From the line containing "Ea Oligo Granions Magnesium Marin 60 Gel" through the end of the entries, please repeat every line exactly and nothing more; the pictures do not belong in the copy.

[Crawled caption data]
_ _ _

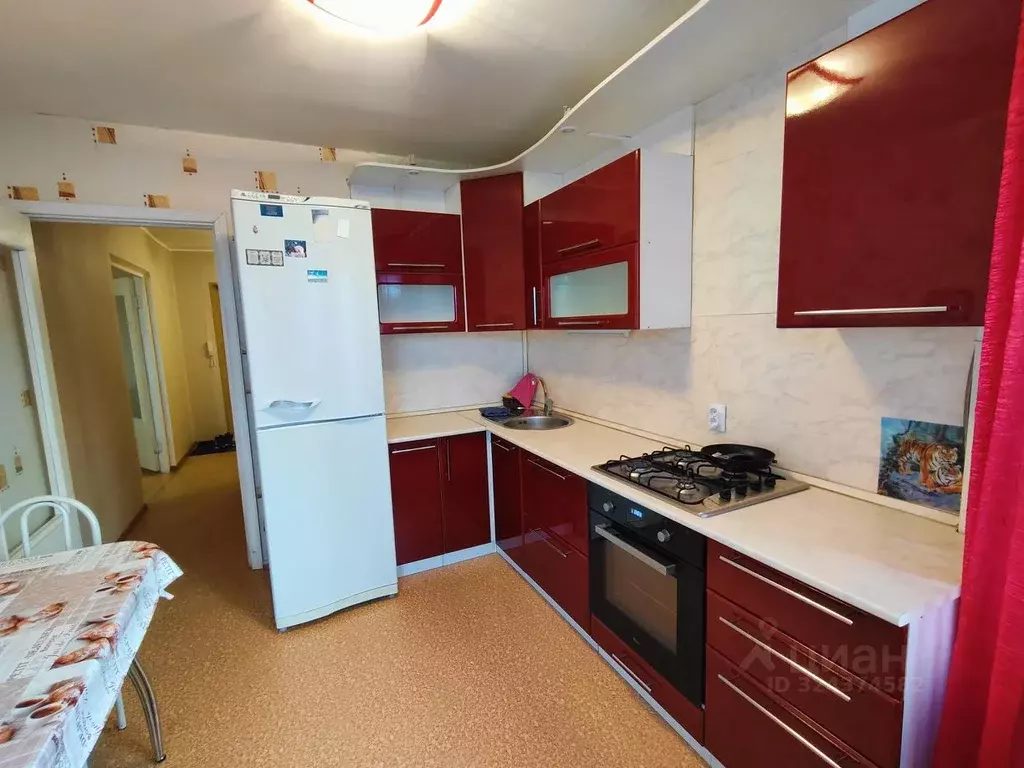 1-к кв. Башкортостан, Нефтекамск Березовское ш., 8В (37.0 м) - Фото 1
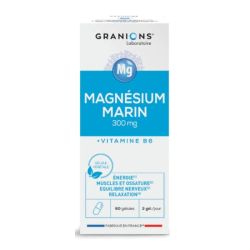 Ea Oligo Granions Magnesium Marin 60 Gel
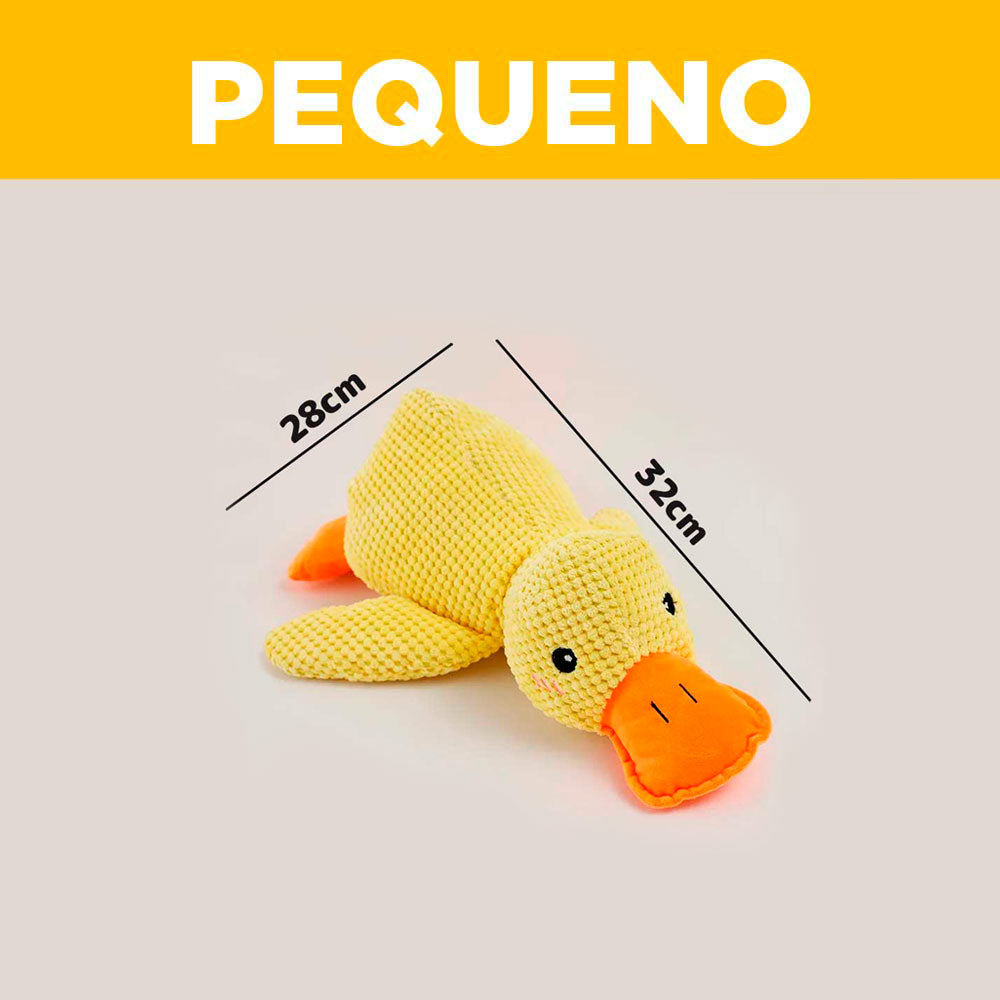 Pelúcia Pato Amigo Original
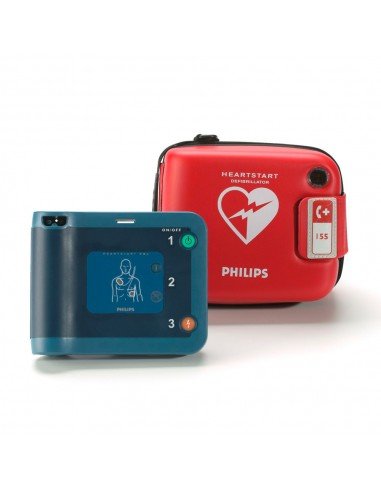 DESFIBRILADOR EXTERNO AUTOMATICO FRX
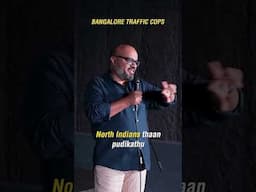 Traffic police paavangal 😭😭😭 #tamilstandupcomedy #standupcomedy #comedy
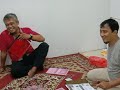 Pelatihan Pijat Pasutri Dan Turun Bero Part 1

_ _ _

● **Solution to the problem**:
 Ea Oligo Granions Magnesium Marin 60 Gel
 Pelúcia Pato Amigo Original
 DESFIBRILADOR EXTERNO AUTOMATICO FRX
 Traffic police paavangal 😭😭😭 #tamilstandupcomedy #standupcomedy #comedy
 Pelatihan Pijat Pasutri Dan Turun Bero Part 1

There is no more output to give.